Lapid posted Cohen’s comments on Facebook, adding: “In three months we will pick up exactly where we left off.”
MK Orly Levy-Abecassis (Yisrael Beytenu), whose party is still in the coalition, said a new government strategy is needed to fight poverty.
Levy-Abecassis praised the slight improvement in the poverty numbers, but pointed out that for the past decade, almost a third of Israel’s children and about 25 percent of the population have been impoverished.
“The government needs to intervene more in saving citizens and children from poverty,” she said. “This has happened in dozens of countries around the world, which managed to significantly reduce poverty.”
Shas chairman Arye Deri said that Netanyahu, Lapid and Economy Minister Naftali Bennett brought Israel to a nadir.
“The shocking numbers from the poverty report shame the departing government and are a direct result of Shas sitting in the opposition,” Deri stated. “Israel needs a government that works for its citizens, not against them.”
Deri added that he would join only a government that raises the minimum wage to at least NIS 30 per hour and cancels value-added tax on basic food items.
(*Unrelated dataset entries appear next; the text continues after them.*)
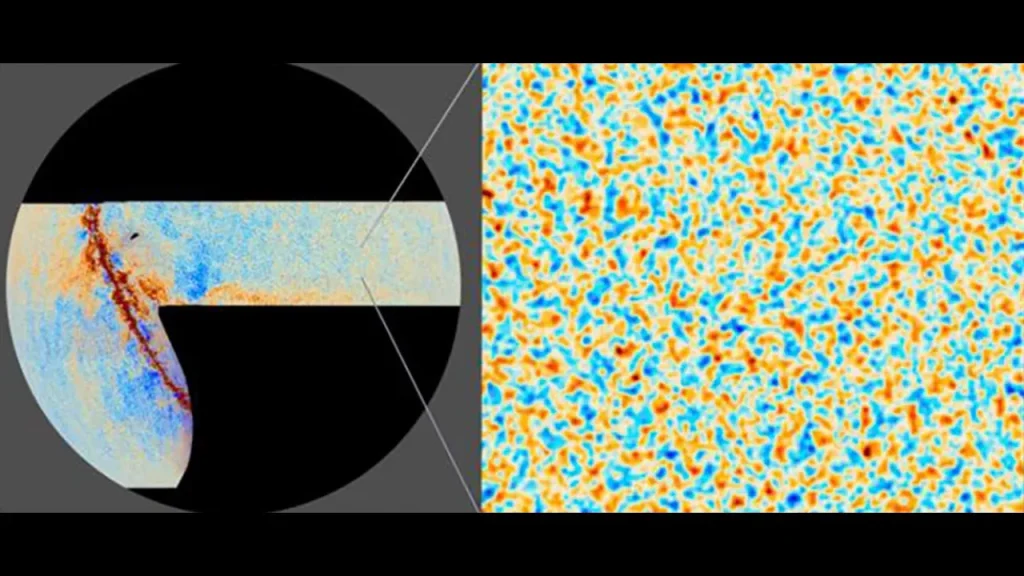 Radiazione Cosmica di Fondo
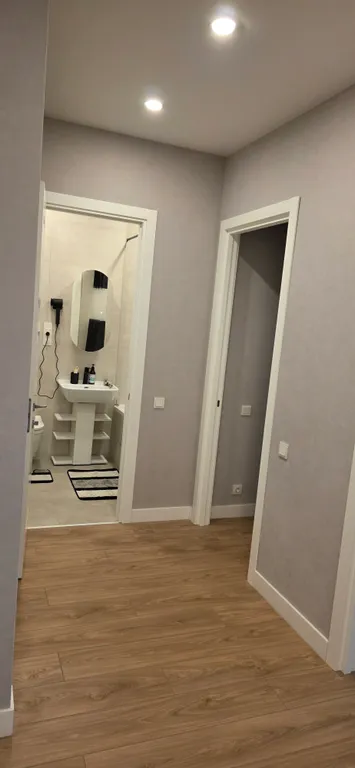 Утонченная евродвушка у Мещерского парка с видом на лес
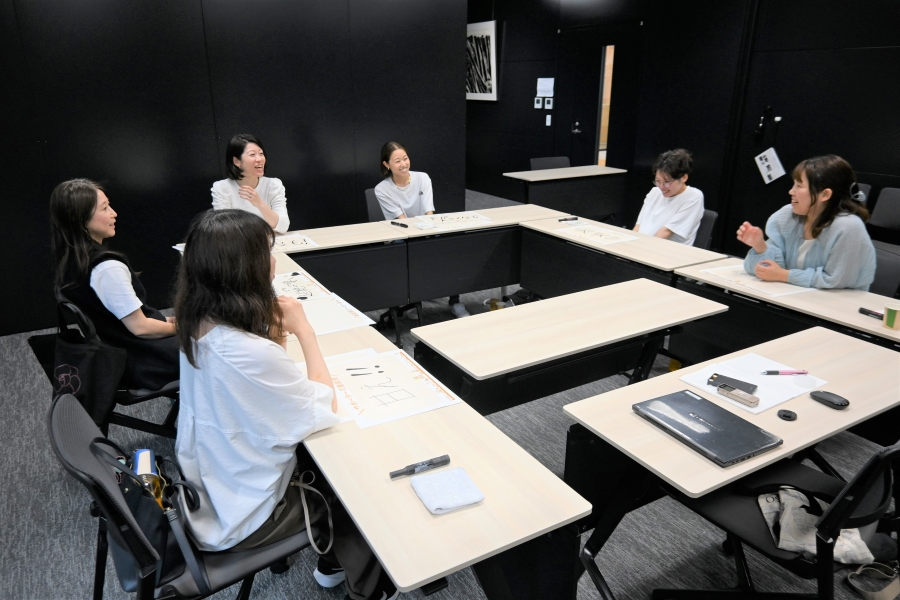 男の子を育てる「男児ママ」が語り合いました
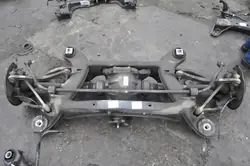 Viga de eje trasero OEM 2053503603 para W205 Sedán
He said that Shas is the only social party in Israel.
United Torah Judaism MK Uri Maklev accused party leaders in the last government of being “hedonists who do know what poverty means,” saying decision-makers are more concerned with headlines than with action.
“The satisfied person does not feel hunger,” Maklev said. “[Poverty] was not even on [the government’s] agenda.”
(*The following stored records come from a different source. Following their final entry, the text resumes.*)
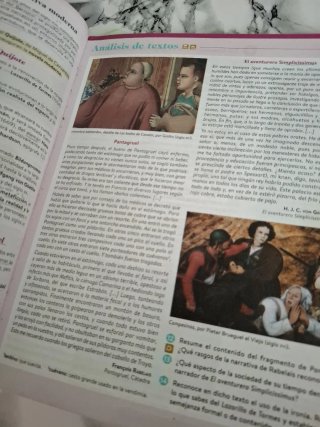 Literatura Universal 1º Bachillerato. Libro del...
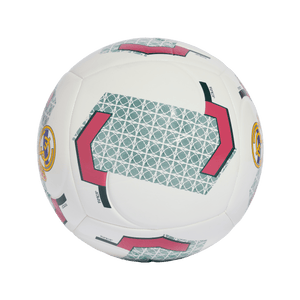 ADI REAL 26-27 HOME BALL WHITE/AURORA IVY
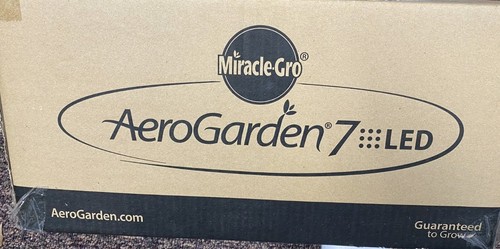 Miracle gro aerogarden led - miracle-gro,
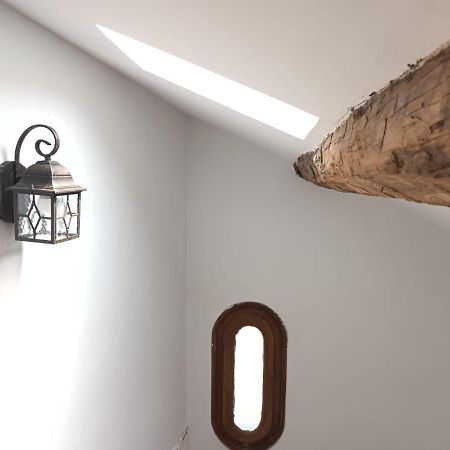 Un Tros De Sal. Casa Rural A Gerri De La Sal. Villa Bagian luar foto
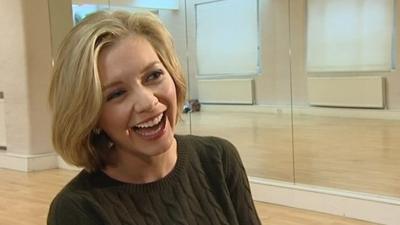 Rachel Riley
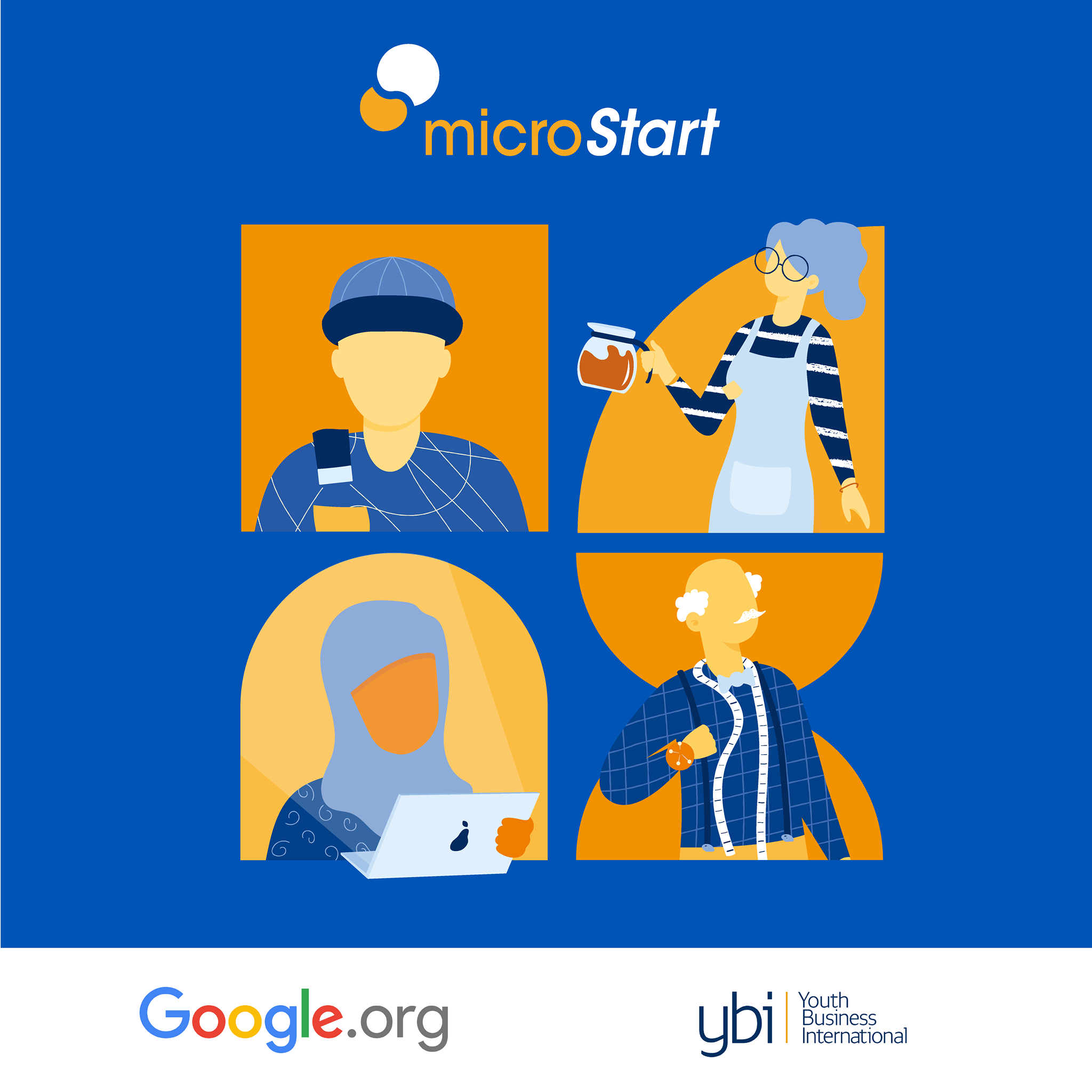 MicroStart - #microStart et Google se sont engagés à... | Facebook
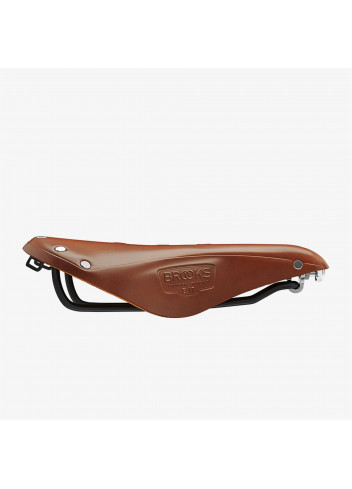 B17 leather bike saddle - Brooks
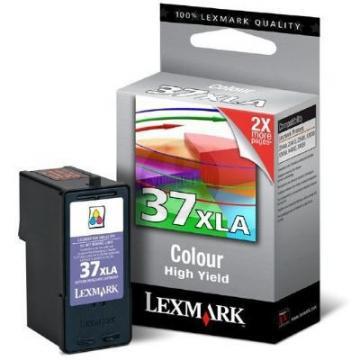 Cartus color pentru X3650/X4650/X5650/X6650, 37XLA, 500pg, 18C2200E, Lexmark - Pret | Preturi Cartus color pentru X3650/X4650/X5650/X6650, 37XLA, 500pg, 18C2200E, Lexmark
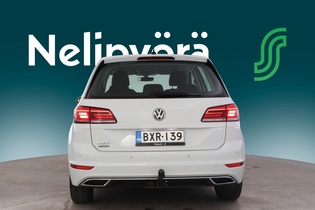 Volkswagen Golf Sportsvan vaihtoauto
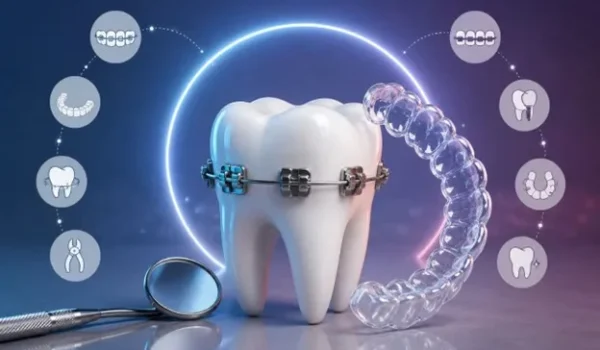 ارتودنسی دندان برای چه افرادی مناسب است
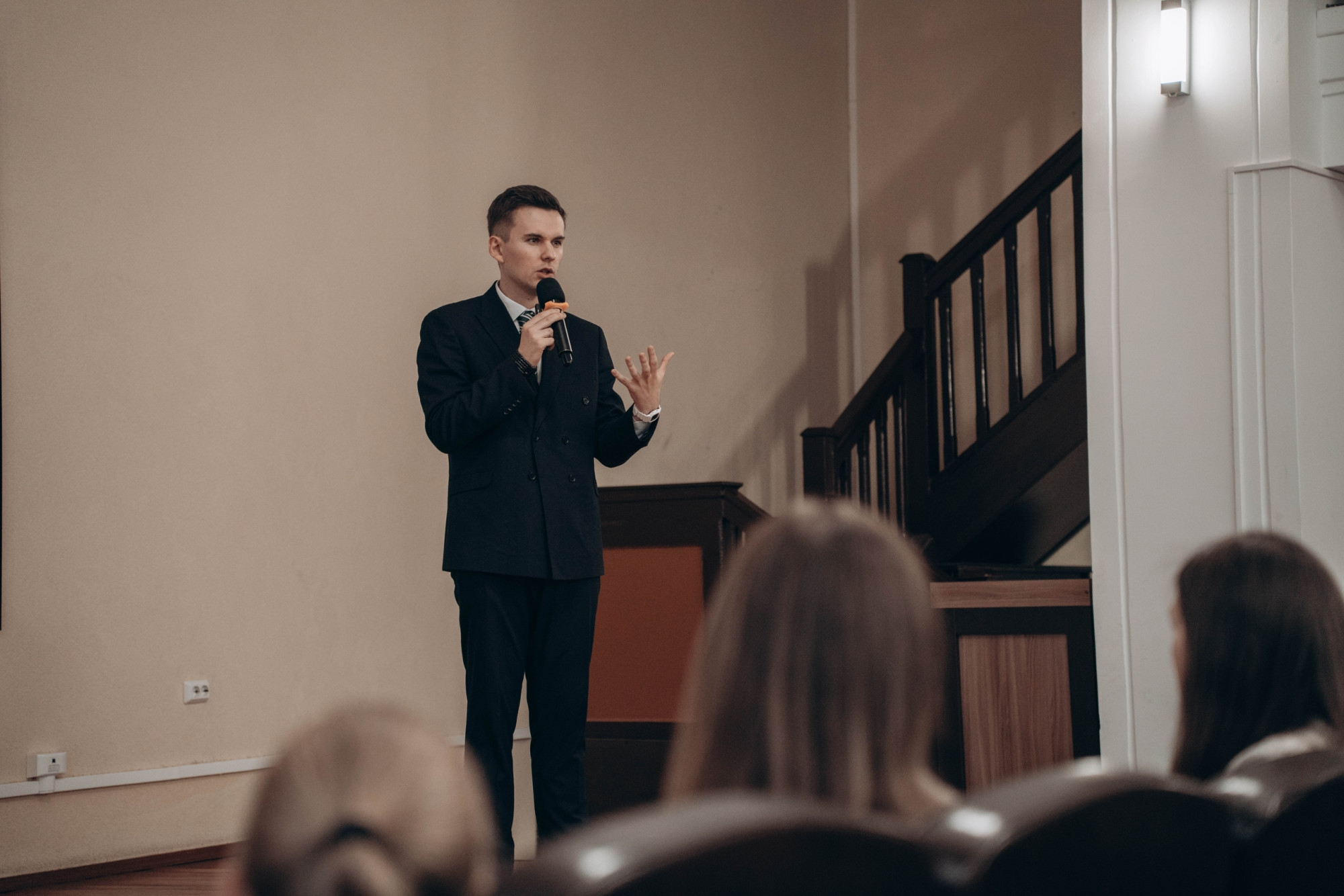 Александр Милик, фото из личного архива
Opposition Labor leader Isaac Herzog said that “numbers don’t fill refrigerators,” calling poverty an ongoing, painful problem for too many Israelis.
“One red light after another is blinking and the citizens of Israel demand answers that they are not getting,” he said. “The social crisis is getting worse, the world recognizes the problem, and our current leadership has no answers.”
Herzog vowed that the situation would change soon, when he leads the country with a new set of priorities.
“Next Hanukka, Israel will light up with concern for the weak and significantly smaller economic gaps,” he predicted.
MK Shelly Yacimovich (Labor) said Netanyahu, whom she accused of having lavish spending habits, sees being poor as a crime and views poor people as subhuman.
“The poverty numbers are not our fate and they are not a natural disaster. They come from a systematic, cruel government policy... We must replace the government to rehabilitate the ruins of this economic destruction, which is clear to Netanyahu and his friends,” she said.
MK Amir Peretz, whose Hatnua party is running with Labor, said the report indicates that working families are remaining poor, and as such, the government’s efforts to reduce poverty failed. He called for new policies, including raising minimum wage, canceling VAT on basic food products, making contract work illegal, and building 100,000 low-cost apartments to lower the cost of living.
“A country that ignores poverty will find itself facing a social revolution,” Peretz warned.
Meretz leader Zehava Gal-On blamed Netanyahu for the poverty rates and said the next government should cancel his “regressive tax policies” and replace them with recommendations by the Alalouf Committee, appointed by the Welfare Ministry.
Gal-On pointed out that the report shows the number of poor families with two working parents increased.
“We cannot allow a situation in which working people cannot live with dignity,” she said.